• _Exercise goal_
Please give the data again in full, exactly as provided.

• _Data records_
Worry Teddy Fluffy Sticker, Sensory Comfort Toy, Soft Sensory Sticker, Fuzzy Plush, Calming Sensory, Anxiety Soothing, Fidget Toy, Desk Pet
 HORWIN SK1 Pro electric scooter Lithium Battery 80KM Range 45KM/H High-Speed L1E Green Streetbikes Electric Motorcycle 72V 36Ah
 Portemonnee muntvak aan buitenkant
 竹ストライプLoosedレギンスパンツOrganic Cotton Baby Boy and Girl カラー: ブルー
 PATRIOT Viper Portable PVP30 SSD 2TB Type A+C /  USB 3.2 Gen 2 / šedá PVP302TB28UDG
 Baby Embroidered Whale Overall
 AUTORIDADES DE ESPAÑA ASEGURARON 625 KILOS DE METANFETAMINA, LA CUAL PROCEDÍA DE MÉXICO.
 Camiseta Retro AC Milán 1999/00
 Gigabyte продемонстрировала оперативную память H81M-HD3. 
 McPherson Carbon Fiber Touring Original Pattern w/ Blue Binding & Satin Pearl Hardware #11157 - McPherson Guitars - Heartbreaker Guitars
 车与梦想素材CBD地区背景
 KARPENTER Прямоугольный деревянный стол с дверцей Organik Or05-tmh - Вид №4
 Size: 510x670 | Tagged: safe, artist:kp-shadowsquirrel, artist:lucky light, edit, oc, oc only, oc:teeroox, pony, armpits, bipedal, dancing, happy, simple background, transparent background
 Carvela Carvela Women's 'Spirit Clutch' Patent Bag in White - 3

• _Your solution_
Worry Teddy Fluffy Sticker, Sensory Comfort Toy, Soft Sensory Sticker, Fuzzy Plush, Calming Sensory, Anxiety Soothing, Fidget Toy, Desk Pet
 HORWIN SK1 Pro electric scooter Lithium Battery 80KM Range 45KM/H High-Speed L1E Green Streetbikes Electric Motorcycle 72V 36Ah
 Portemonnee muntvak aan buitenkant
 竹ストライプLoosedレギンスパンツOrganic Cotton Baby Boy and Girl カラー: ブルー
 PATRIOT Viper Portable PVP30 SSD 2TB Type A+C /  USB 3.2 Gen 2 / šedá PVP302TB28UDG
 Baby Embroidered Whale Overall
 AUTORIDADES DE ESPAÑA ASEGURARON 625 KILOS DE METANFETAMINA, LA CUAL PROCEDÍA DE MÉXICO.
 Camiseta Retro AC Milán 1999/00
 Gigabyte продемонстрировала оперативную память H81M-HD3. 
 McPherson Carbon Fiber Touring Original Pattern w/ Blue Binding & Satin Pearl Hardware #11157 - McPherson Guitars - Heartbreaker Guitars
 车与梦想素材CBD地区背景
 KARPENTER Прямоугольный деревянный стол с дверцей Organik Or05-tmh - Вид №4
 Size: 510x670 | Tagged: safe, artist:kp-shadowsquirrel, artist:lucky light, edit, oc, oc only, oc:teeroox, pony, armpits, bipedal, dancing, happy, simple background, transparent background
 Carvela Carvela Women's 'Spirit Clutch' Patent Bag in White - 3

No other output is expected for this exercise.